If you’re familiar with my work, you probably already know I am not much of people’s photographer (some may argue I am not much of a photographer, but that’s a debate for another day). While, I still favour photographing landscapes and architecture mainly, I have developed a keen interest for people photography. One of the main things elements I have focussed on during my latest Moroccan adventure, was the incorporation of human figures into my frames so as to add scale, motion and interest to a given scene. I have quickly come to see that places that may not photograph so well on their own, spring to life, when humans are added to the scene.

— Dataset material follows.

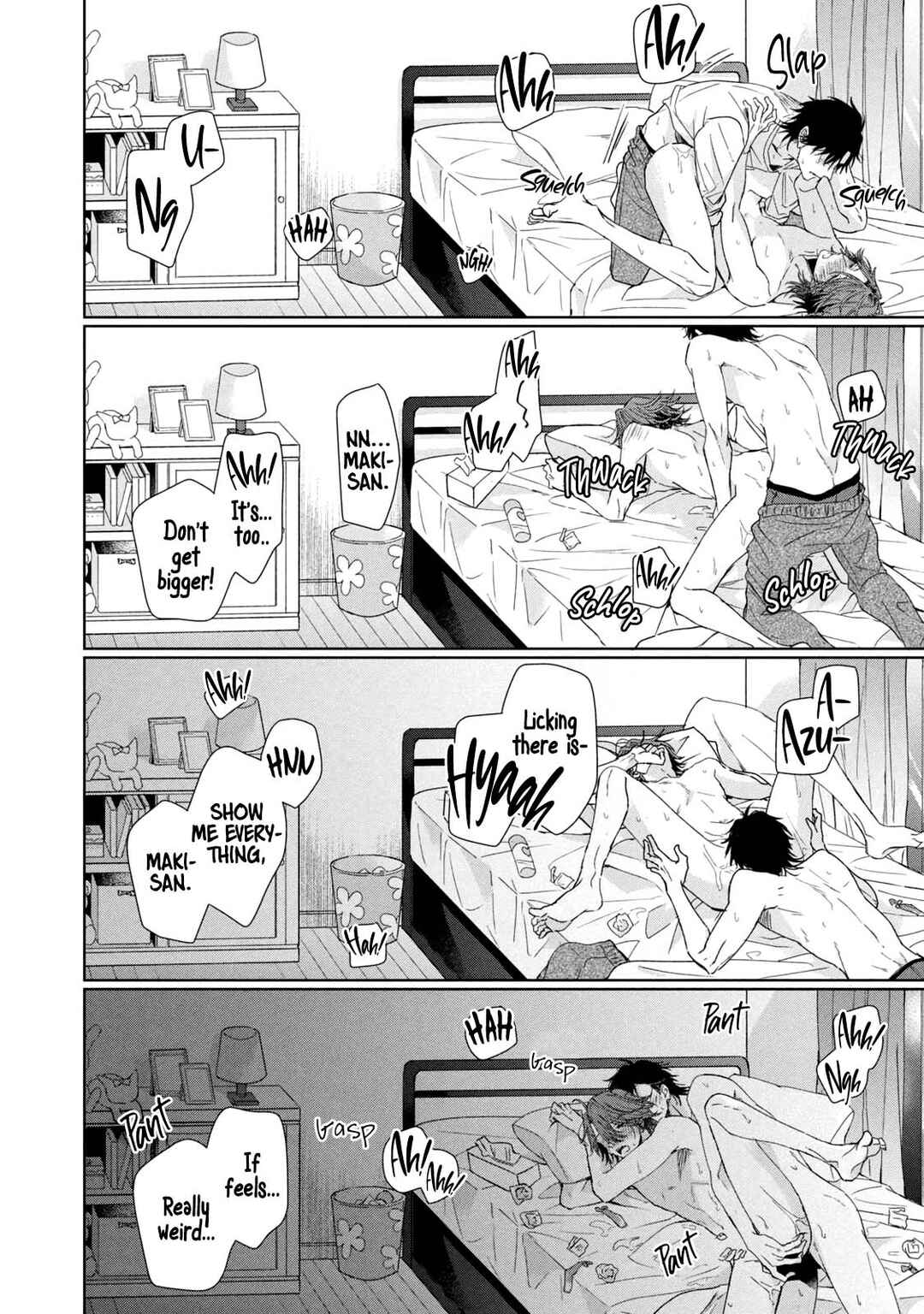 Page 14 Chapter 5.5 Sweet Strawberry Youre Mine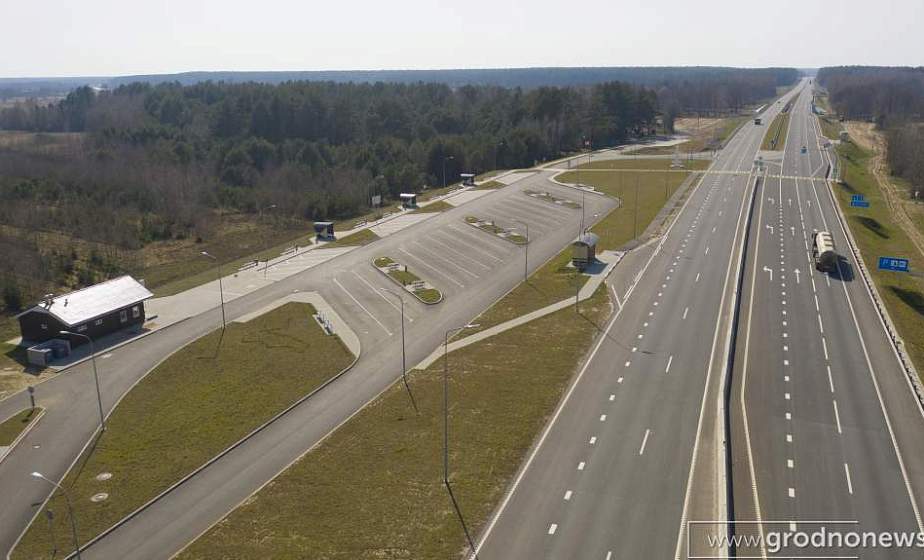  Обновления на М6: разметка, знаки и ограждающая сетка от животных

As we were walking down the mesmerizing narrow streets of the Old medina of Fes, I couldn’t help but be drawn to the earthly colour of the walls and the wonderful light bouncing off them. However, I often found that my efforts to portray these streets fell somewhat short of conveying the magic surrounding the place. This is where I decided that the addition of some human elements would bring the scene to life.

Walking down the streets of the old Medina of Fes, Morocco. Click on the image to buy a print.

While I do enjoy a good old portrait, there are times where a more subtle approach is desirable. In this case, while I wanted to add a human element to the scene, I didn’t want it to be the main subject, which would have diverted my initial intention of this image. Therefore, I opted here for a more environmental image, where people would merely be passers-by. To do this, I knew I needed to slow down my shutter speed. Enough to render the motion blur from people walking-by, but not as much as to make them completely disappear from the scene. For this I knew that something in the vicinity of a half second would be required. With  my camera on the tripod and the polarizer on, I only needed to close the aperture down to f/8. I then simply fired a few shots away as people moved in and out of the scene, until I got a satisfactory image.

In the final image presented here, I was drawn to the fortuitous “yin and yang” look with the man in dark clothes and the woman in white clothes evenly placed across the frame. I have to admit though that my favourite part of the entire image is the sweet soft light hitting that wooden door in the background…the sort of light dreams are made of :) .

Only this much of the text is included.